Effect of SiO₂ tunnel layer processes on the characteristics of MONOS charge trap devices with poly-Si channels

In this study, we investigated the effect of various SiO₂ tunnel layers on the characteristics of charge trap memories with Metal/SiO ₂/Si₃N₄/SiO₂/n-type poly-Si (MONOS) structures. For MONOS devices, SiO₂ tunnel layers were formed on poly-Si channels using thermal oxidation, radical oxidation, and LP-CVD. We investigated the characteristics of each SiO₂ tunnel layer on poly-Si including breakdown, leakage current and FN tunneling. Radical SiO₂ and LP-TEOS SiO₂ showed larger breakdown voltages with more uniform thickness than thermal SiO₂ on poly-Si channels.
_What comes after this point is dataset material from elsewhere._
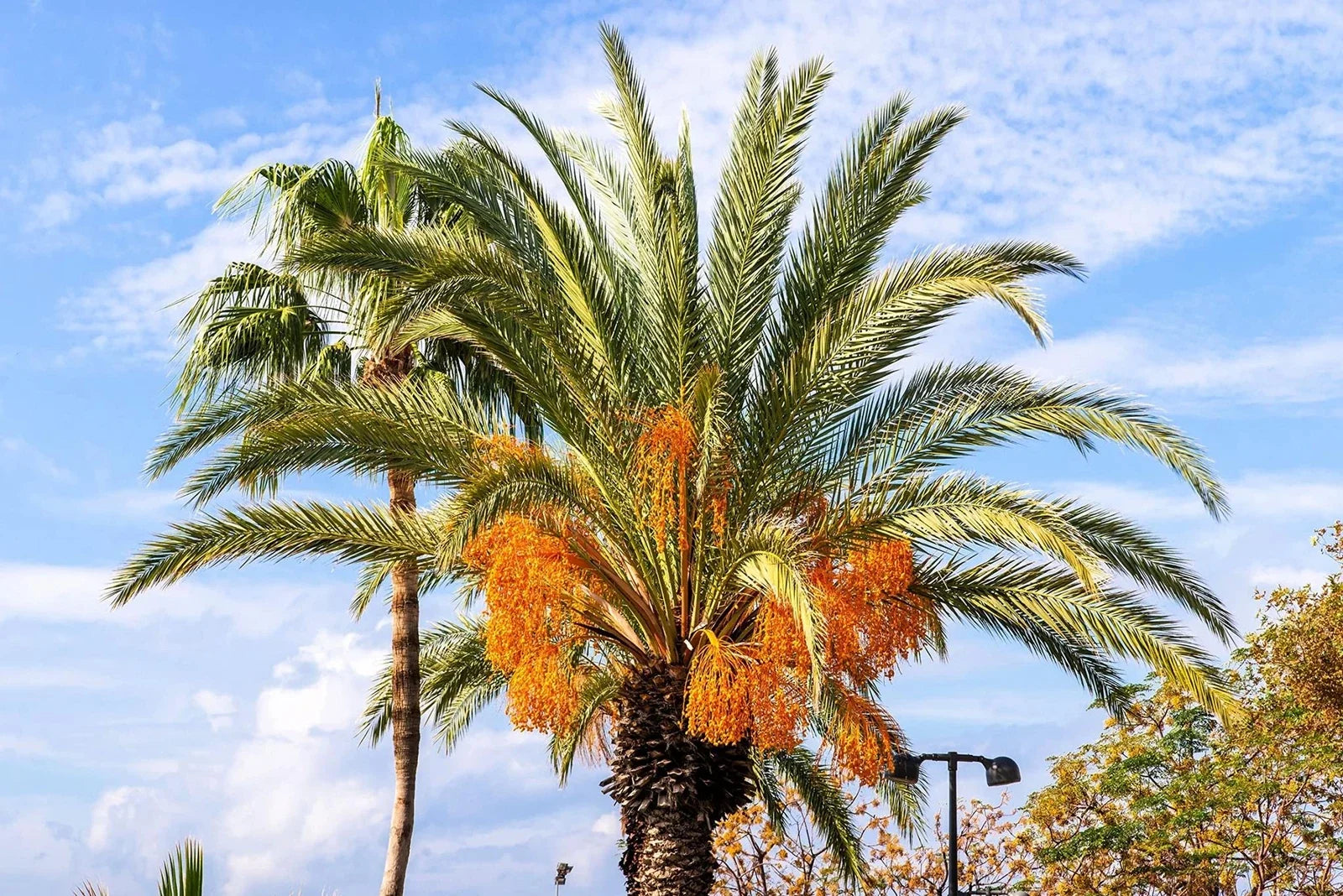 Jelly Palm Seeds 5 Pack - Butia capitata Tropical Garden Hardy Palms for Planting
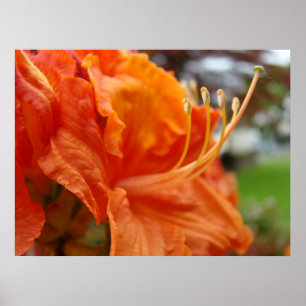 Azalea Flowers 6 Orange Rhodies Art Prints Posters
MONOS devices with radical SiO₂ and LP-TEOS SiO₂ tunnel layers showed improved program/erase (P/E) and endurance compared with thermal SiO ₂. In particular, the MONOS device with LP-TEOS SiO₂ showed the largest memory window with the fastest P/E operation, which was attributed to enhanced defect-assisted tunneling in LP-TEOS SiO₂. The endurances of MONOS devices were measured and related to the flat-band voltage shift in conjunction with trapped charge types in SiO₂ tunnel dielectrics.